Earlier this year, Chinese digital currency exchanges temporarily halted customer withdrawals to upgrade their AML controls at the behest of financial regulators. The halt, which lasted for months, caused a temporary chill in the local bitcoin market, causing China to forfeit its position as the world’s largest bitcoin market. Now, Chinese regulators have signaled that they intend to stage a similar crackdown on initial coin offerings, the latest blockchain-related investing craze.  

According to CoinDesk, draft legislation meant to curb so-called “illegal fundraising” includes a provision that targets ICOs.

Here’s more from CoinDesk (translation theirs).

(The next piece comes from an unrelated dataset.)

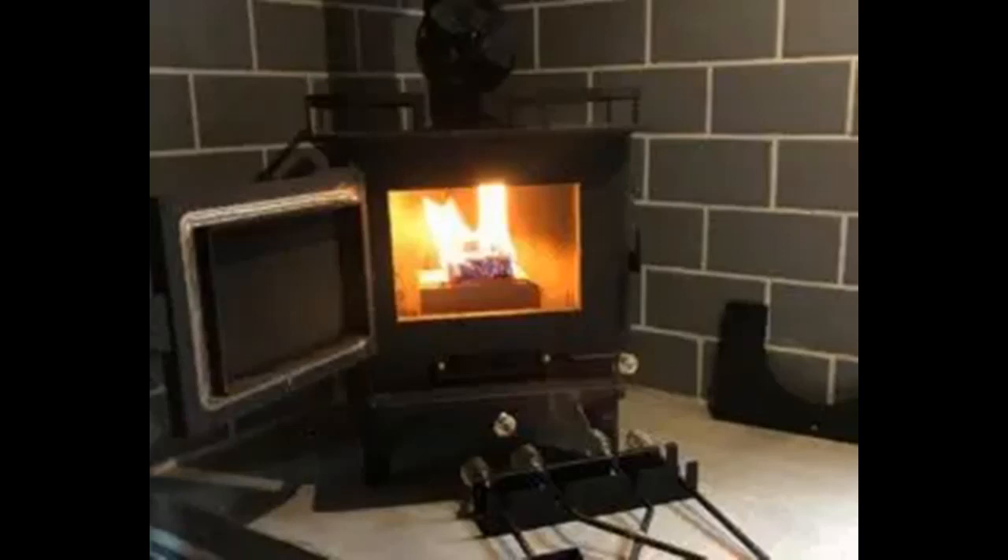We ended up installing a Suburban NT-20 SEC RV furnace under the stove in our kitchen, and it runs off an Ecobee 3 Lite thermostat that we can control anywhere in the world as long as we have WiFi or data. Finally, we have an oscillating electric heater and a small office-size heater for the back, just in case for those nights we are battling sub-zero temperatures and need consistent heat throughout the night. We only use these when hooked up to shore power because of their high wattage.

“If the department overseeing illegal fundraising activities found a fundraising without proper permission, or a fundraising that violates the relevant provisions of the State, and if one of the following circumstances is found, the department shall launch an administrative investigation. Other relevant departments shall cooperate with the investigation.

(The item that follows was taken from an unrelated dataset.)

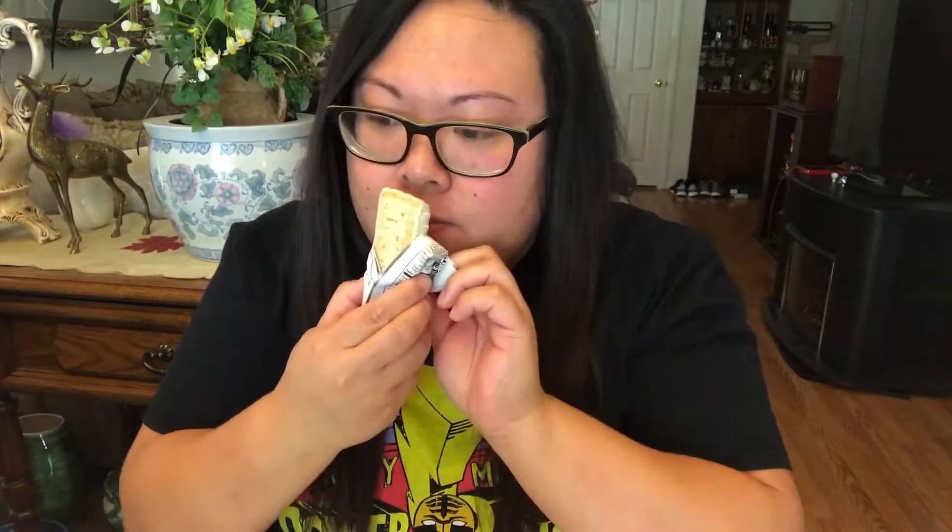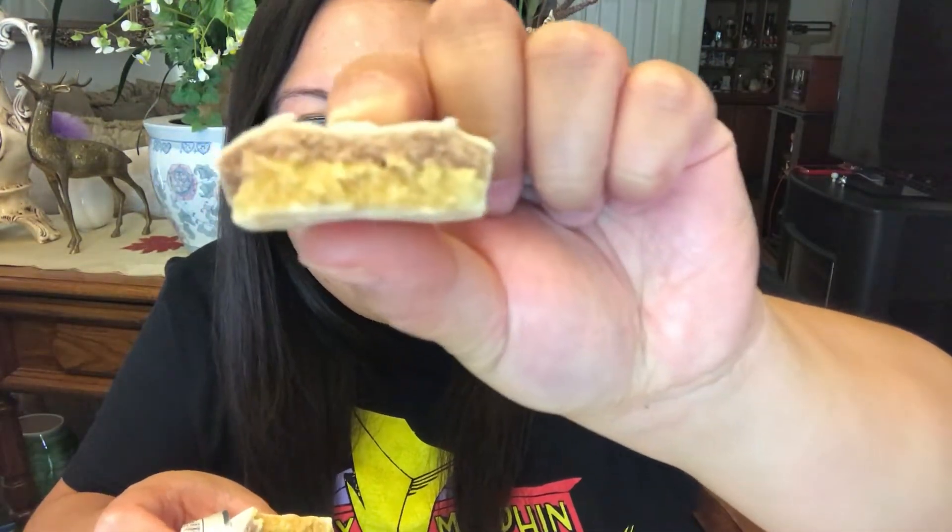Let's give this a taste and see how good it is. This is what it looks like — here's the cross section. Oh, look at that, it's got like another layer. Smells good, let's try it.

(2) to raise funds in the name of issuing or transferring equity, raising funds, selling insurance, or engaging in asset management activities, virtual currency, leasing, credit cooperation and mutual funds…”

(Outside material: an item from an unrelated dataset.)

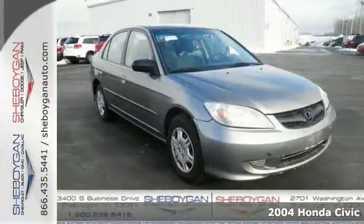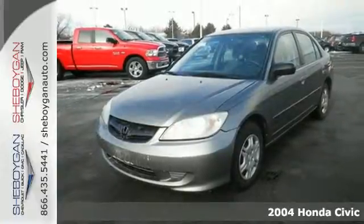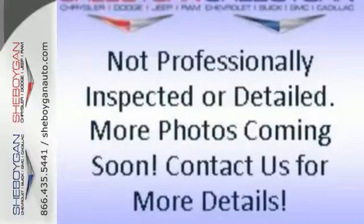Here's a 2004 Honda Civic. It features refinements for 04, including new exterior styling on the front and rear bumpers, hood, headlights, and grille.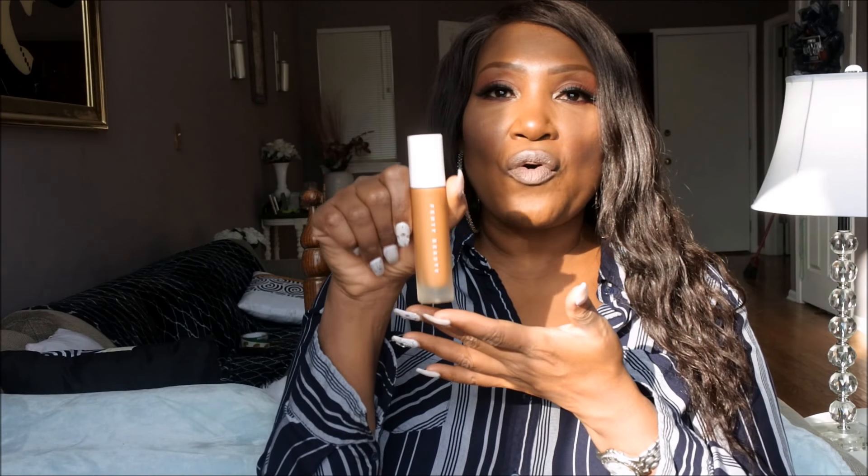Let's begin with foundations. This is the Fenty Beauty foundation. I'm in shade 420. This was a favorite for its wonderful matte finish. It dries quickly so you have to work fast, but it is a beautiful foundation with a wonderful finish. This is definitely one of my favorites of 2017.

According to CoinDesk, the draft would require the government to establish an interdepartmental committee to combat illegal fundraising. It also clarified that participants of illegal fundraising would be responsible for their own losses. The release of the draft legislation follows widespread outrage directed at cryptocurrency-related scams. Last month, several college graduates in Tianjin, China were found dead after being imprisoned and assaulted by members of a pyramid-selling organization.

Two Chinese laws presently govern how criminal courts handle unlawful fundraising.  According to CoinTelegraph, the crime of illegally absorbing public deposits carries a maximum penalty of 10 years of imprisonment. The crime of fund fraud, meanwhile, carries a maximum sentence of life in prison.

Now the question is, if such heavy-handed penalties are tied to the law currently under consideration, will the law have a chilling effect on the ICO market? Or will it successfully eliminate fraud and abuse?

According to a team of analysts at Pitchbook, ICO have raised more than $1 billion this year, and are expected to raise as much as $1.7 billion. Earlier this month, the SEC ruled that tokens produced in ICOs meet the definition of a security, and therefore must be registered with the commission. Though exactly how ICOs will be regulated in the US remains somewhat vague.